Touted to be the next American crisis, the cutback would be the result of more credit card holders defaulting on their payments as home mortgage loans takes higher priority or as employees become jobless. For the first six months of 2008, banks had to write off from their books $21 billion in bad credit card loans resulting from more borrowers defaulting on payments.
Market analysts said as more U.S. companies lay off thousands of workers in the coming months, the credit card industry is expected to write off another $55 billion in bad debts. This would possibly surpass the 2001 experience during the technology bubble burst when total losses of the industry reached 7.9 percent of outstanding credit card debts.
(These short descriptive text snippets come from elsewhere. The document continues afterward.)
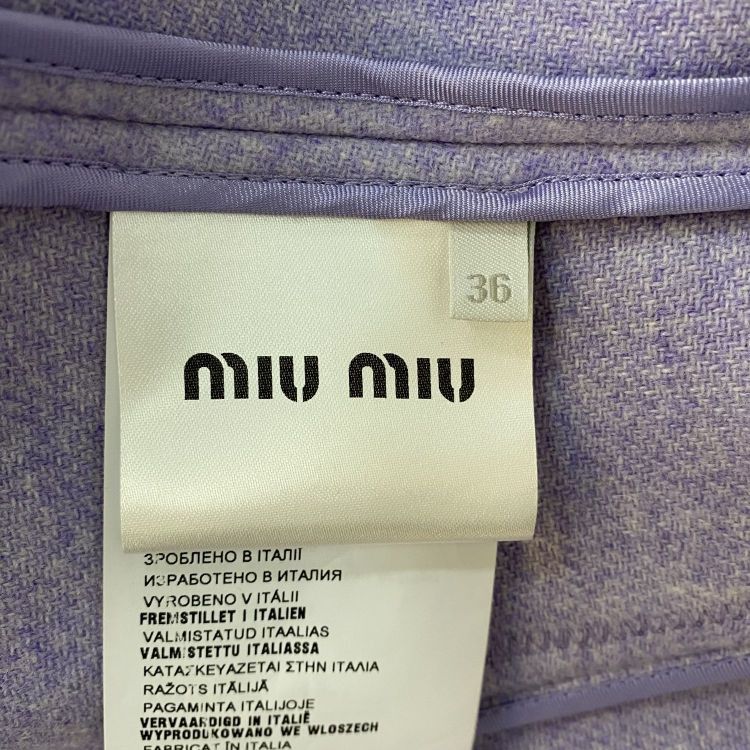 Miu Miu Miu Miu Purple Wool Coat Size 36 Size XS / US 0-2 / IT 36-38 - 4 Thumbnail
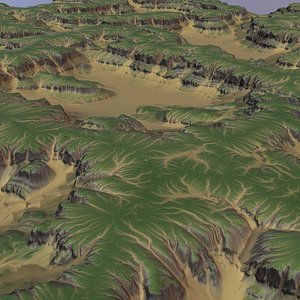 3D land landscape scape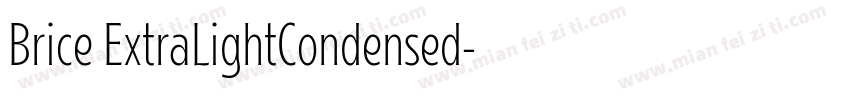 Brice ExtraLightCondensed字体转换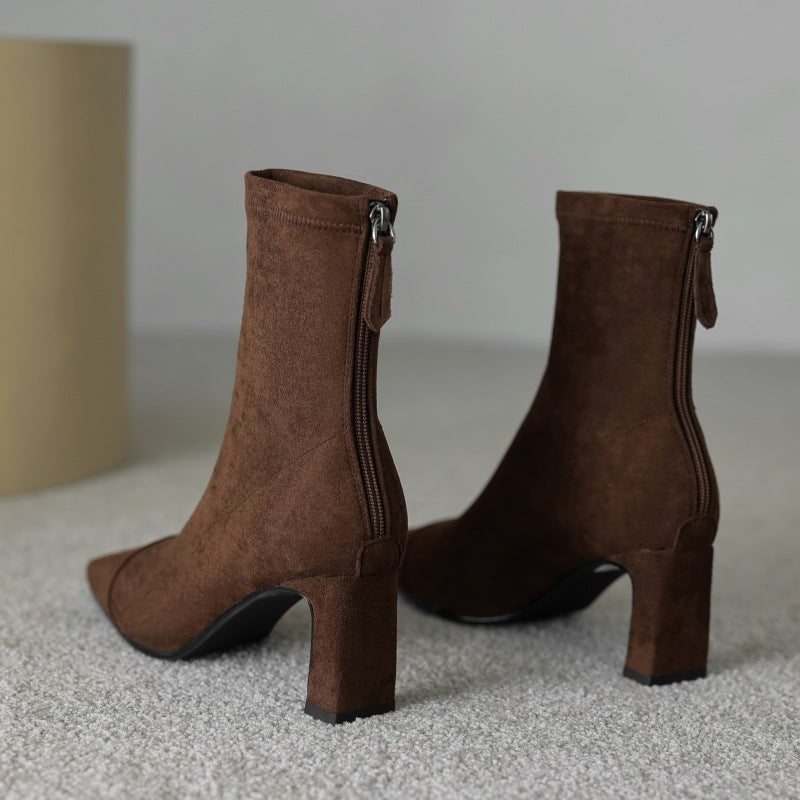 Sarona Genuine Suede Boots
The current ratio is 5.5 percent.
Anticipating this problem, credit card companies like American Express, Bank of America and Citigroup have started to apply more stringent standards in approving new credit cards and struck off their list risky card holders. Capital One closed inactive accounts and reduced credit lines by 4.5 percent in the second quarter.
American Express announced it will increase effective interest rates from some card holders by 2 to 3 percent. The reward programs of other credit card firms have downgraded to lesser known brands.
Meanwhile, falling interest rates are not translated into smaller interest on credit cards because many banks have floor rates which have already been reached. Despite the absence of floor rates in some credit card companies and banks, these firms are slow in passing on the cut in interest rates, said Justin McHenry, research director of IndexCreditCards.com. He pointed out since August 2007, the Federal Reserve has reduced interest rates by 3.75 percentage points, but the average decrease in credit card interest rate was only 1.4 percentage points or 13.9 percent.
Even credit card junk mail offers are on the decline at its lowest level since 2004, while online credit card applications have gone down for the first time in five quarters.
Because American consumers are completely maxed out with mortgages, home equity dues and credit card debts, "credit card issuers have realized their market is shrinking and that there is no room for extra credit cards, so they have to scale back," Lisa Hroneck, research analyst of Mintel, explained to the New York Times.